Of course, increasing amounts of data flowing around the enterprise is hardly new (in the mid 1990s, I remember being told in hushed tones at one of the baby bells that their databases were several terabytes in size). Each time enterprises have been faced with such an increase, decisions have been made about what needs to be done: Is the focus on integration, storage or analysis and can we use existing technologies or do we need/want new technologies?
In the case of The Tower Group report, the focus is on financial services and in particular the increase in market data handling requirements caused by new regulations (the EU’s MiFiD and US’s Reg NMS – both intended to create fairer markets). Specifically, there is a regulatory requirement to store the data (in a manner which can be used as evidence if there is ever a compliance issue). As these regulations relate to best price execution, this in itself will be onerous because every single published quote available when each trade is executed must be stored as well as all other relevant data associated with the trade.
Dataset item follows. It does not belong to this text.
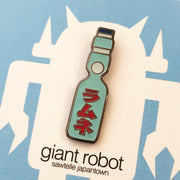 Close up of enamel pin of a Japanese Ramune Soft Drink, a light blue bottle with a white ball towards the top and red Japanese script down the middle.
Similar scenarios (where there is a flood of data or a potential one) exist in many industries – from the online games with millions of players generating massive amounts of data to security monitoring devices for government agencies to RFID tags. However, it is too easy to react by announcing that the data deluge is coming and some new technological surfboard is needed.
For a start, in many cases the data may have little potential value and storage may not even be needed. But of course this will not always be the case. To quote from the Bob’s guide coverage of the press release:
“Regulatory compliance will pave the way for firms to completely automate the trading process,” added Price. “Once all the players have done so, the winner in the hunt for liquidity will be whoever can process the data the fastest.”
To put it another way, in the case of market data there may be business justification for doing more than storage for forensic reasons either in the realm of integration or analysis of the data streams. In my other examples there will also be opportunities – again in the realm of integration or analysis.
The second hurdle is whether new technology is needed.
Simply saying that there will be an increase in data and a need to do something with it is not enough to justify new technology as old technologies may continue to scale. Going back to my baby bell experience, this was around the time when Object databases were being touted as the relational db killer – as only Object databases could possibly handle that size of database.
In the case of the “data deluge”, the real-time processing of streams (when the value of the analysis is high enough) is certainly one area where a new approach seems needed – and is an area targeted by the likes of StreamBase and Progress‘ Apama products. For analysing the increasing massive data warehouses and for integration, I think the jury is still out – although the increasing complexity within the data may throw a spanner in the works.